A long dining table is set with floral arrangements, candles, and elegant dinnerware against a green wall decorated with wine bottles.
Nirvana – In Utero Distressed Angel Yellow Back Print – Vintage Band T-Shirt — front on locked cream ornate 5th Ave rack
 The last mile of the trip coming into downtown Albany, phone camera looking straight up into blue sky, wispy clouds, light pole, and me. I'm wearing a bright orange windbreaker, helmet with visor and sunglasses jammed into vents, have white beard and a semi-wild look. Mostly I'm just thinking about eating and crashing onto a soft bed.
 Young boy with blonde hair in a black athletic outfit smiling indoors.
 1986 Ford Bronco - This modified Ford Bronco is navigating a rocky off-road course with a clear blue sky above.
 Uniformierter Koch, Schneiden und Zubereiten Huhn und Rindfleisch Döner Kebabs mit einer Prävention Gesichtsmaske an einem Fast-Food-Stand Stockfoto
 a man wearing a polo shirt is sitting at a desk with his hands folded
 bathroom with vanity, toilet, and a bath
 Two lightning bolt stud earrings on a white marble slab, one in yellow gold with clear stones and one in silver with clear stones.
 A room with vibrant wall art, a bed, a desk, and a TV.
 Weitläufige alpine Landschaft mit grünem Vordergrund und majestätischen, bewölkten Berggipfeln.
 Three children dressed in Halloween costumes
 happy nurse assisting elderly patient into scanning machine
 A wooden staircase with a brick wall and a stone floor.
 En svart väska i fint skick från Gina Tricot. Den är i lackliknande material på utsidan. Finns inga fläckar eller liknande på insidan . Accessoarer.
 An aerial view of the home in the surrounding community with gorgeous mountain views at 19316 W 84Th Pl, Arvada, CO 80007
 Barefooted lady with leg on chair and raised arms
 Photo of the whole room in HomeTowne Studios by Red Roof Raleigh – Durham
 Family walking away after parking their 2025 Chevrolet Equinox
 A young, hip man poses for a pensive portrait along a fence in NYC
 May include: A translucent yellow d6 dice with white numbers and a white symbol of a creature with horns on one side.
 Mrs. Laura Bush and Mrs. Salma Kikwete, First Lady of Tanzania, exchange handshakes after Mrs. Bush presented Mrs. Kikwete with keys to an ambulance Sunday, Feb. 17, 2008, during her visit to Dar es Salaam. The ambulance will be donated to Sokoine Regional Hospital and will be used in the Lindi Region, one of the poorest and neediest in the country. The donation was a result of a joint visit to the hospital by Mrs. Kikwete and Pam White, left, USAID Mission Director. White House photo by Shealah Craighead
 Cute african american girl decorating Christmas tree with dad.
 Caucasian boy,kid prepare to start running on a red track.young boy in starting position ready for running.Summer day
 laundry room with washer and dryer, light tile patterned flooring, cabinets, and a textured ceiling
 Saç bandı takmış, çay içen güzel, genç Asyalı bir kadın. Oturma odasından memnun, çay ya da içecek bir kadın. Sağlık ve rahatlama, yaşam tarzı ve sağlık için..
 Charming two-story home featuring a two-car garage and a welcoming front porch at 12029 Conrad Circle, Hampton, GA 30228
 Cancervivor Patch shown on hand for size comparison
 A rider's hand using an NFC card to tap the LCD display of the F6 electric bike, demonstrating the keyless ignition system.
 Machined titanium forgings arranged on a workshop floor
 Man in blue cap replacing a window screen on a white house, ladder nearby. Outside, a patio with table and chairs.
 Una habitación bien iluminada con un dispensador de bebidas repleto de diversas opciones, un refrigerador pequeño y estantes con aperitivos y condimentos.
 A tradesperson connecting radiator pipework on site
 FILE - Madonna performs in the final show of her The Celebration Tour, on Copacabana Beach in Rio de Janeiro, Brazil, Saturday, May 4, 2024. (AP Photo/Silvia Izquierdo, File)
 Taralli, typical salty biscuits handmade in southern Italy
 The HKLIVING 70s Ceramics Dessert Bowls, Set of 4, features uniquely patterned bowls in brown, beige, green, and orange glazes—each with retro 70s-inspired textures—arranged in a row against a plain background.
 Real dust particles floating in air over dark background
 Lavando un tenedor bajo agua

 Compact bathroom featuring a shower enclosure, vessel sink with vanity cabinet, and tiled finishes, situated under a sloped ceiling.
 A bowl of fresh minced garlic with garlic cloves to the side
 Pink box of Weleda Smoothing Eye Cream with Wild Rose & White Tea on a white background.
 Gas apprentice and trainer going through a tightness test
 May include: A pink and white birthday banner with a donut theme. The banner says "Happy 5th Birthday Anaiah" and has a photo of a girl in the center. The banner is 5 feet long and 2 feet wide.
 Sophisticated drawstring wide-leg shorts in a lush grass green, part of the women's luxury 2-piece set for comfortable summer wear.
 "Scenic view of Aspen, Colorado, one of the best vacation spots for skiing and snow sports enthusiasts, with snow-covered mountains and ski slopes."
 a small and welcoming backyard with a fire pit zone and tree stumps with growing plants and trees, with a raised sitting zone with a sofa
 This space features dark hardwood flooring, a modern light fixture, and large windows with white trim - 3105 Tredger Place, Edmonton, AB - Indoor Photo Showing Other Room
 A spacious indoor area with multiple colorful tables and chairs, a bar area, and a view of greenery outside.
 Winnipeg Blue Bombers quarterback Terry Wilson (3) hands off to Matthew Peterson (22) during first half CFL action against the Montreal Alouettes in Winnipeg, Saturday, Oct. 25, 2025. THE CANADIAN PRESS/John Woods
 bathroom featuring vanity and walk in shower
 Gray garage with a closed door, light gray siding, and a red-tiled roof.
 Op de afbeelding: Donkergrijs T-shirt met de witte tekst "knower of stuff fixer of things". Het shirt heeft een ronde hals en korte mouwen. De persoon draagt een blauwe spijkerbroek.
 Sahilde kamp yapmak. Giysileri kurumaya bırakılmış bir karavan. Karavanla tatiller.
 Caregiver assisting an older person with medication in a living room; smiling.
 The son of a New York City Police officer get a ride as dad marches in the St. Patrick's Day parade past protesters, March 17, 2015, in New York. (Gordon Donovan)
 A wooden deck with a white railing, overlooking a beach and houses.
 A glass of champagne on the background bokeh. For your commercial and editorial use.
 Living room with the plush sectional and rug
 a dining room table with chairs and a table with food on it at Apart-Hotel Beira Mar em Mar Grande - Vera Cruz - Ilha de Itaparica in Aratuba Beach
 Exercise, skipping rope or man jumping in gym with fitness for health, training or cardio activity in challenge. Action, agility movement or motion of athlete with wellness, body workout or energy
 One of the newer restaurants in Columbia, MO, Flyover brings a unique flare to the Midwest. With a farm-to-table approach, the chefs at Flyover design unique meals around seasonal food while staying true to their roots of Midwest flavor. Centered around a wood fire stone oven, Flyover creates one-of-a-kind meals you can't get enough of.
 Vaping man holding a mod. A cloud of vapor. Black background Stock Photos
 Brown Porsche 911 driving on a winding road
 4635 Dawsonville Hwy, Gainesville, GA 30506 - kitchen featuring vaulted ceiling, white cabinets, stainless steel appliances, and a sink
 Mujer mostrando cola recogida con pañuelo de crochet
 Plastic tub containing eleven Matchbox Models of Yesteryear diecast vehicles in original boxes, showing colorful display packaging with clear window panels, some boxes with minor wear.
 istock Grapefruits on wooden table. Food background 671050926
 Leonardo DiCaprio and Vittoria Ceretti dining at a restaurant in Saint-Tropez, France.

-.-.-

EXERCISE REQUIREMENTS:
Across the material above, how many lines have the word "include" in them? Answer with a bare number.

RESPONSE:
2